Remember those hilarious titles that would start like "How To Break Into Hollywood!" Or "100 Secrets To Stardom!"
Guess not. They were old titles I recall seeing in libraries out here. Guess the person who bought the book had reached stardom and donated it.

Probably not.
Look, I REALLY don't want you to think I'm an angry curmudgeon who wants you or everyone to fail. Honestly, I bet you have more talent than the people working today (especially Leo DiCaprio...man that guy sucks, I truly don't get his appeal). The point is to keep doing it because you love it not because you're trying to A) get the world to love you (because they'll most likely hate you more) B) being famous.
Famous isn't the famous it was before. And that saddens me.
Famous before meant a touch of...class. Today...Khardashian.
To me, in order to move forward in this town, there is nose to grindstone and a lot of disappointment or delusion.

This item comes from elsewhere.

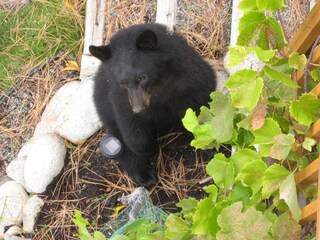 Besucher aus der Natur- Weinliebhaber?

There's an episode of "Growing Pains" (an 80's-90's sitcom) where, after having high school theater acclaim, Mike Seaver decides to enroll in theater classes in college. His teacher is a stage affected douchebag who quotes Ibsen and starts off the semester with an incredibly corny acting technique. Mike clearly feels he is in over his head, not having read any classical theater and only having done a Thornton Wilder high school gimme play called "Our Town" (saw my friend do this in Warsaw, Indiana...shudder).

At the end of the week, the students in this class are suppose to bring in audition notices and read them aloud. The others bring Broadway notices or hoity-toity plays, Mike...brings in one for an audition for a television spot for a fish and chips restaurant. The class erupts in laughter. So low brow. The professor snobbily dismisses this as frivolous.

Later, Mike tries his best to immerse himself in these plays and has no clue of Shakespeare's language. Distraught, he goes to audition for the fish and chips commercial. There he runs into...two of his classmates! They shamefully backpedal and admit that they haven't done anything of any merit and start from scratch. And then...the kicker...
...the audition room...the door opens and the professor emerges thanking the people in the audition room for the role. He gotten the part, that he had earlier shamed Mike in presenting.

For those paying attention...this is a lesson in ego. Regardless of content or pride, one still has to survive.